Pick up the Debian netinst iso / the first Debian CD / the first Debian DVD.

You can install an entirely free system with no non-free components.

You can also install Debian without taking account of any recommends.

On (both) the Thinkpads in front of me, that would result in non-working wifi
but everything else would work. I could plug in one of a few wifi dongles
and have a fully free Debian.

On the Intel desktop machine away behind me I couldn't get hardware acceleration
on the Nvidia card - I could care less.

On a Cubietruck / Pine64 / Chip / Raspberry Pi / Pi3 - I couldn't get 
without non-free which I could get with Allwinner / Broadcom firmware.

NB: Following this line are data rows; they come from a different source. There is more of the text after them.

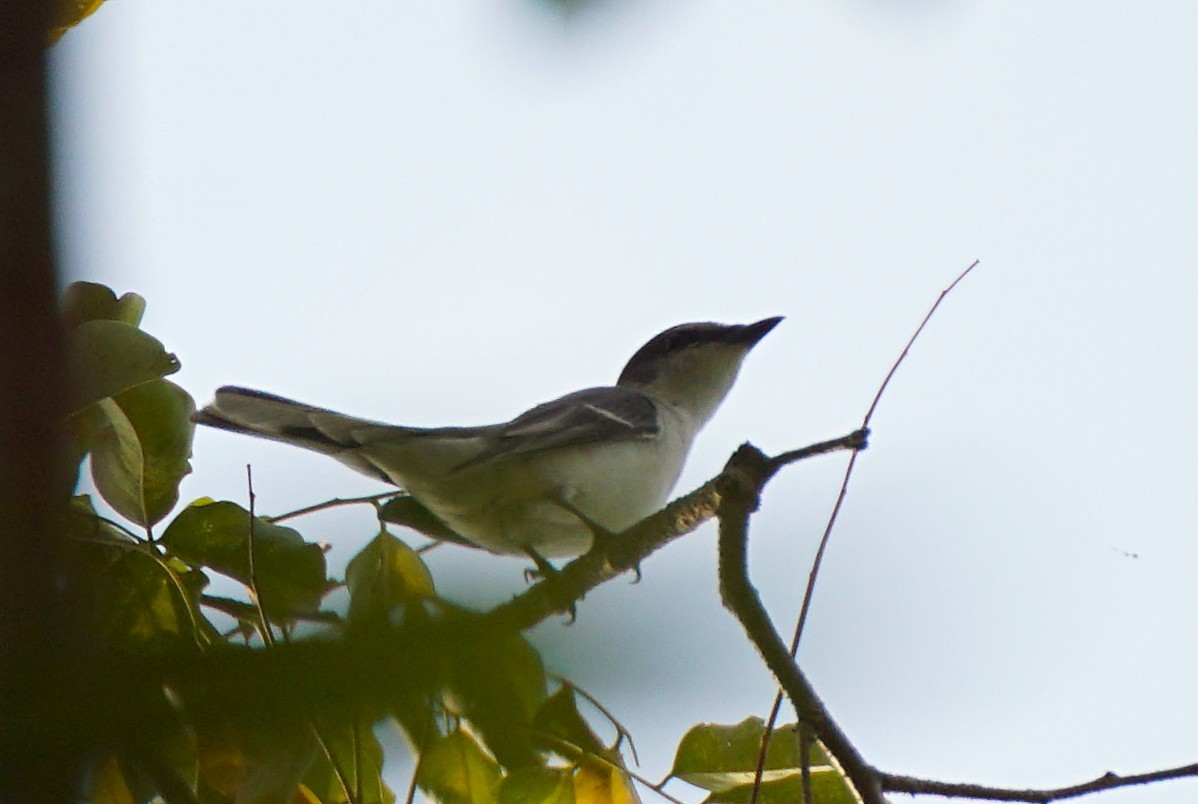 Ashy Minivet - ML646447192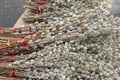 An armful of willow branches with budding buds. A harbinger of spring and bright Easter. Royalty Free Stock Photo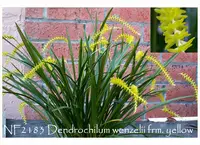 Dendrochilum arachnites ( yellow ) 'Note: Only 4 available '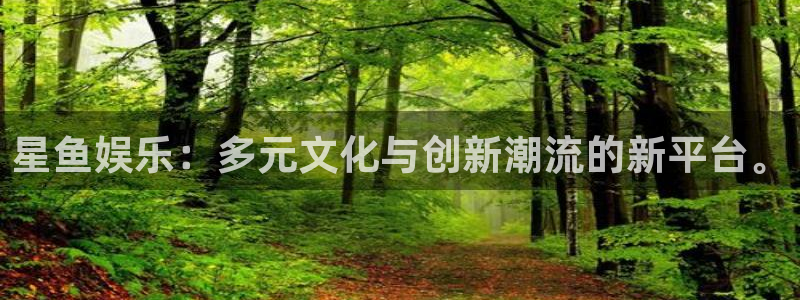 k8凯发(china)天生赢家·一触即发：星鱼娱乐：多元文化与创新潮流的新平台。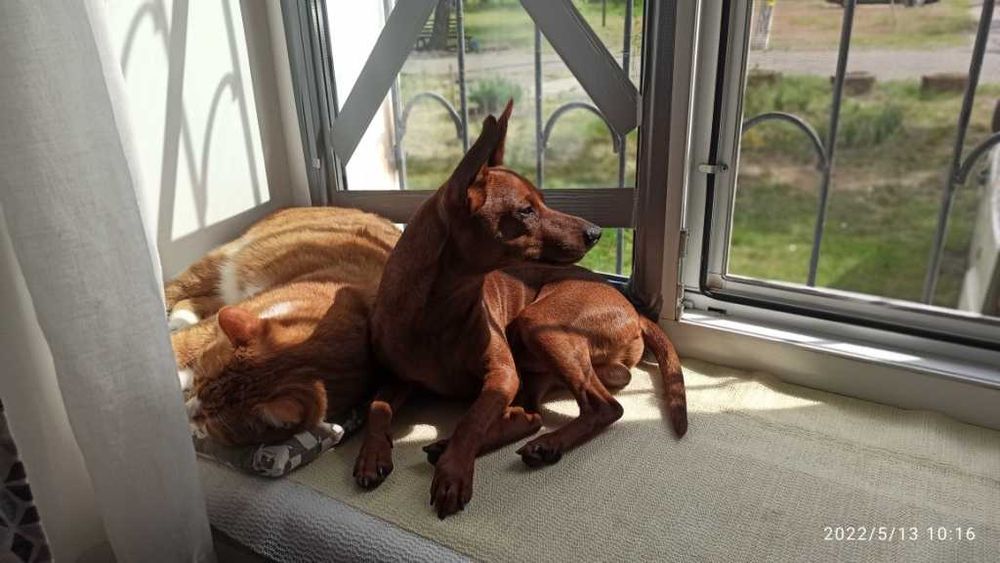 В'язка цвєргпінчера Київ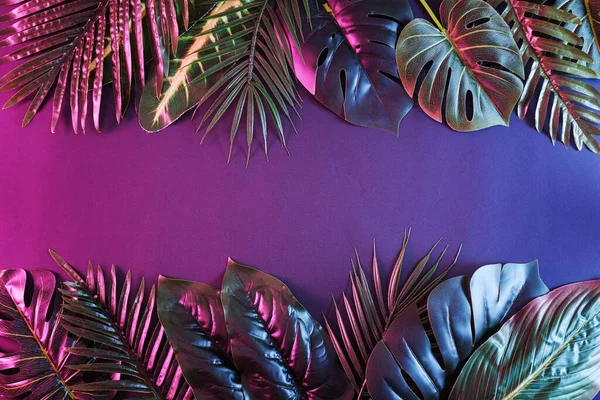 Two Rows Leaves Tropical Palms Border Dramatic Contemporary Style Neon — Stock Photo, Image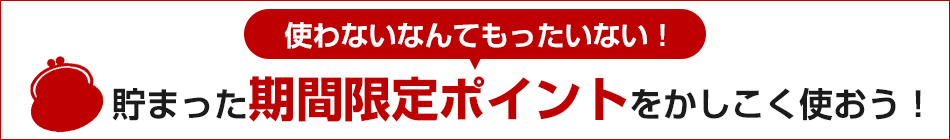 ポイントを使ってお得にお買い物特集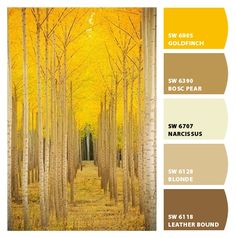 the color scheme is yellow, brown and white with an image of trees in autumn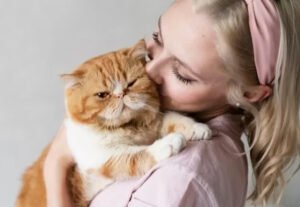 Suka Mencium Kucing Peliharaan, Jangan Sampai Jadi Masalah Pada Kesehatan, Ini Risikonya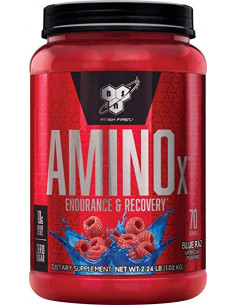 BSN Amino X 1010g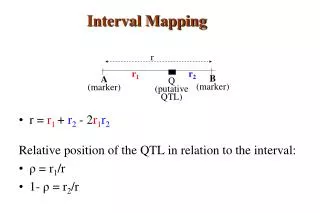 r = r 1 + r 2 - 2 r 1 r 2 Relative position of the QTL in relation to the interval: ρ = r 1 /r 1- ρ = r 2 /r
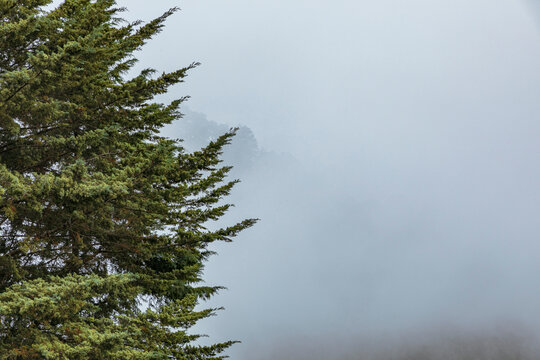 Pine tree on the left side with fog on the right side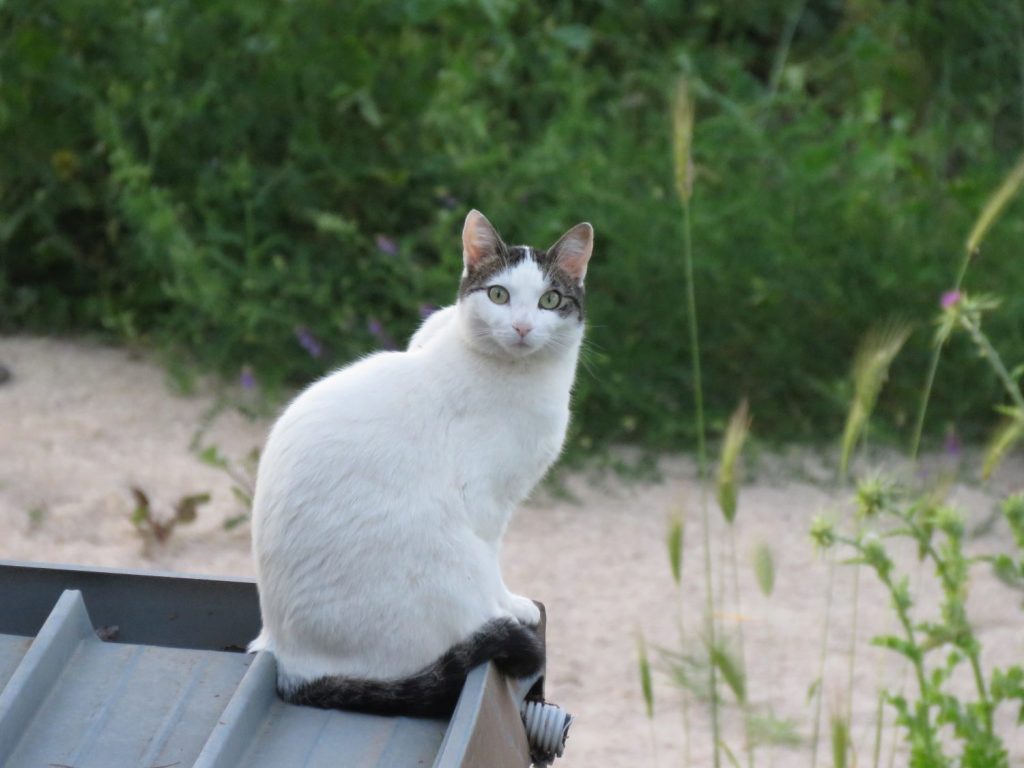 La Fauna gatto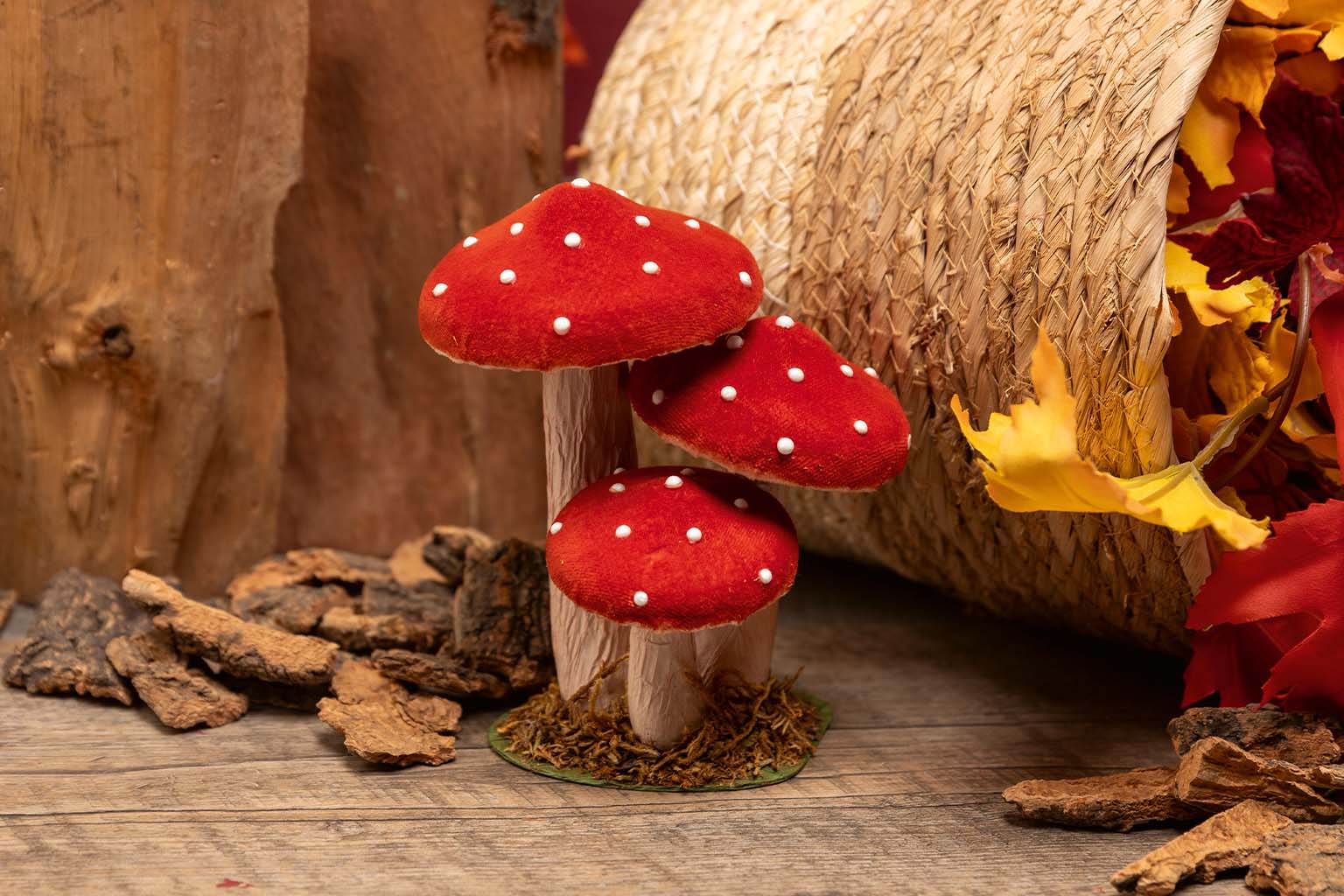 FLIEGENPILZ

Debian
doesn't supply "non-free" components: in each case you're using firmware 
with the hardware. Without non-free firmware / forked kernels, all of the ARM 
we have is pretty much unusable. I'm hopeful that you can prove differently 

> But according to published documents I point to below, a popup might be
> quite simple to add but insufficient to allow Debian GNU/Linux to appear on
> the list of FSF Free System Distributions. I'll explain why I believe this
> to be true.
> In https://www.gnu.org/distros/common-distros.html we find the following
> objection, "Debian also provides a repository of nonfree software. According
> to the project, this software is "not part of the Debian system," but the
> repository is hosted on many of the project's main servers, and people can
> readily find these nonfree packages by browsing Debian's online package
> database and its wiki".
> John Sullivan went into more detail on the FSF's objection at Debconf2015:
> >So, in Debian's case, the lack of endorsement from us is primarily
> >because of the relationship between official Debian and unofficial
> >Debian -- the 'non-free' and 'contrib' repositories. And that
> >relationship to us seems too close for our comfort. There are spots in
> >the Debian infrastructure where those sections even though technically
> >separate are integrated very closely with main. So, for example, in
> >package searching, in 'recommends' and 'suggests' fields within packages
> >that are displayed to users. So even though, in Debian, we have an idea
> >that these are separate that's not always as clear to users on the
> >outside and they can end up being sometimes inadvertently or sometimes
> >just led to install nonfree components on top of the official
> >distribution.
> Source: 
> http://meetings-archive.debian.net/pub/debian-meetings/2015/debconf15/Debian_and_the_FSF_Ending_disagreements_by_solving_problems_at_the_source.webm
> (12m18s)

Where would you suggest that Debian point users with unusable hardware - note 
(_users_ not developers) ?

It's very clear on the website and in documentation back to 1994

www.debian.org/CD/netinst - no mention of non-free

https://www.debian.org/CD/faq#official - unofficial CDs may contain additional 
hardware drivers, or additional software packages not part of the archive.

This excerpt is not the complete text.